Remember the BBC Sound Archive from a while back?
here's how to download them all.
GETLIST=`curl -s http://bbcsfx.acropolis.org.uk/assets/BBCSoundEffects.csv | awk -F '"' '{ print $2 }' |
awk -F '.' '{ print $1 }' | grep -v location`
for i in $GETLIST; do
wget http://bbcsfx.acropolis.org.uk/assets/$i.wav
done
@wohali
do you know if there's any mapping between filename and description available?

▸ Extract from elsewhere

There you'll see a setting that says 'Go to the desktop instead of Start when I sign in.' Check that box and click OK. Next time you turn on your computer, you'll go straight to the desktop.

@js0000 Yes, that initial .csv file has all the data. just run:
wget http://bbcsfx.acropolis.org.uk/assets/BBCSoundEffects.csv
and open in your favourite text editor or spreadsheet program.

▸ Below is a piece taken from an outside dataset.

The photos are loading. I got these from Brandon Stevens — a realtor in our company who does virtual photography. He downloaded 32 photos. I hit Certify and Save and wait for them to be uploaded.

also the WAV files have metadata in them already, if your browser supports it
@wohali I think if you pass that as a list to wget, you benefit from keepalives and pipelining, which might be handy given that it's a *lot* of small files.
@aschmitz good point, care to suggest a modification? my brain hurts.

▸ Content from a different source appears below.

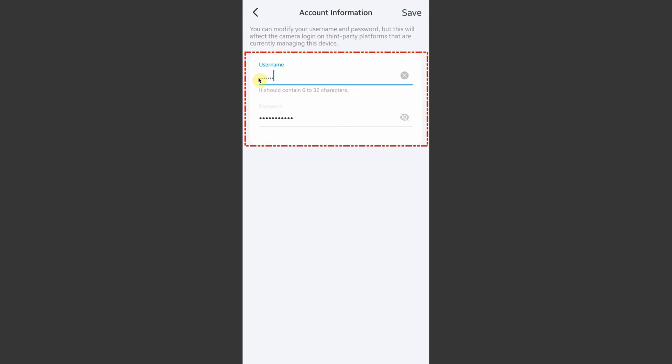You will find a section called username and password. Here it's very important that you put a username and password. Remember it has to be your own, so be careful. Take note of that in your notebook because we're going to use it later in this video.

@wohali Eh, it's bad and untested but:
GETLIST=`curl -s http://bbcsfx.acropolis.org.uk/assets/BBCSoundEffects.csv | awk -F '"' '{ print $2 }' |
awk -F '.' '{ print $1 }' | grep -v location`
rm uris.txt
for i in $GETLIST; do
echo http://bbcsfx.acropolis.org.uk/assets/$i.wav >> uris.txt
done
wget -i uris.txt
In theory you could run that file though parallel or something too, but I wouldn't want to hammer the server too much.
@aschmitz thanks! yeah, you wouldn't want to get auto-blocked, either... :)
@wohali
running now ...
thank you!